To magnify, embiggen and chuckle because there's a camera strap included, just click on either picture.

Wednesday, May 06, 2009

There's sun between storms!

We had 7/10 inch of rain yesterday, drizzle last night and more rain within the next hour. This morning we were fortunate to have a bit of sunshine. Just perfect weather it was for me to take these pictures of new plants and a contest entry! First a coleus "El Brighto" that Russ chose. He loves to have a coleus by the pond each summer. (All pictures are clickable to embiggen!)


Just to share one of the many purple violets that grow as weeds here and a flowering ground cover that is from one that my Aunt Elsa brought back from a trip to England decades ago. It reseeds well.


Look at the colors in this cinnamon fern grouping! The ferns are now two and a half feet tall! I love how the sun plays on the fern as it unfurls.


When we were at the nursery last weekend, Russ restated how he hates geraniums from childhood of visits to the cemetery bearing red geraniums with his granny. But he saw "Jewel", a purple and white geranium and wanted to bring it home. So, Jewel is now planted by the pond.


A new herb garden has been begun between the peonies and rose of sharons. Planted so far are asparagus, tarragon, lemon balm, fennel, a nicotiana, armeria and several herbs that reseeded from last year. Part of the garden wasn't weeded last weekend when I planted the new herbs and such....borage will be seeded there, too.


Before the rain ruins the rhododendron, this beauty just has to be shared. It has started to sprinkle now. Rain tonight and thunderstorms the next two days just do not thrill me. I'd be happy to share this rain with the parched areas of the country.

And now on to a peek at some knitting!





These last two photos are of the Contest Entry for 2.75 this summer. I won't show much more of this until after camp because it's a secret until the Big Camp Reveal. But look how well the pansies made it through the winter! These are the very same pansies I bought when casting on the pansy shawl!This year's topic we voted on last year is "Recycled Knits".





Is it July yet?

Saturday, May 02, 2009

May Day

The calendar continues to get away from me. May Day has come and gone. I've taken some pictures, but they are a couple days old so progress continues beyond what is here.

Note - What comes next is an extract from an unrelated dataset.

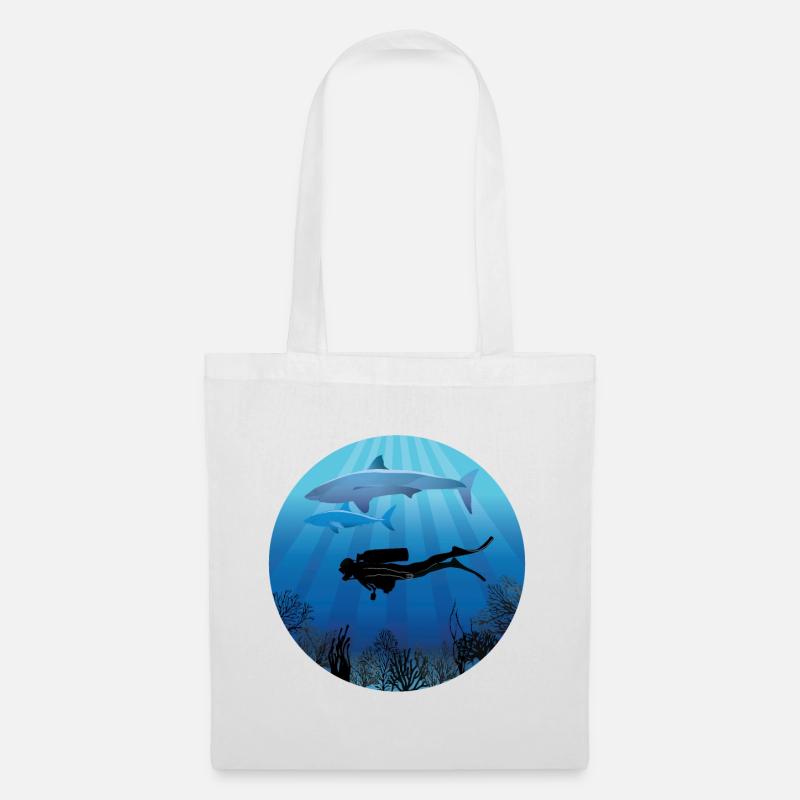 Shark Diving Scuba Diver - Stoffbeutel - Weiß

Lilacs are almost fully out now with 60-70 degree days. Last night there was a breeze from the north and lilac scent wafted through the back porch. Love that!



The 3-variety apple tree has been totally full of blooms this year. Last year I was concerned for this tree as it didn't have nearly this many blooms. The apples were bigger, granted, but we were concerned that the apple had seen better days. Guess it was a combination of weather conditions and bloom cycling, though, for this year the tree is back in its glory. Each Spring we've had an orchard oriole visit for a few days. He visited this week. The last two days he was here he brought his lady friend. They paid no attention to the young cherry tree in full blossom, only the apple tree. The peach tree is just starting to bloom.


It was raining when RTB, McNeil and I ventured onto the porch for an update. McNeil is a Boyd's Bear sheep I found at a Shipshewana, Indiana, shop about ten years ago.I apologize if this doesn't show up too well. As of last night, though, RTB has its shoulder seam and sleeve seam finished. I fought a bit with it. When the whole back section was knit one row short, it creates a different set of conditions upon which to base seaming. My next step is to weave in the ends. They're getting a bit out of control. Then the plan is to connect the two halves and block. My thought is that it is better to block before knitting the icord around the edges because the icord before blocking could pull the garter stitch and bulge it with the icord curling. The swatch grew with blocking; so, if the jacket does the same, then the icord finishing could create an unexpected edge. I'm really hoping the jacket does grow the expected amount with blocking since that's what I based the calculations and needle size upon.

Lastly, the rhododendron is blooming...both the lilacs and the rhododendrons are two weeks early this year. They've been in bloom for Mother's Day in the past, but it seems unlikely they will still be in bloom for it this year.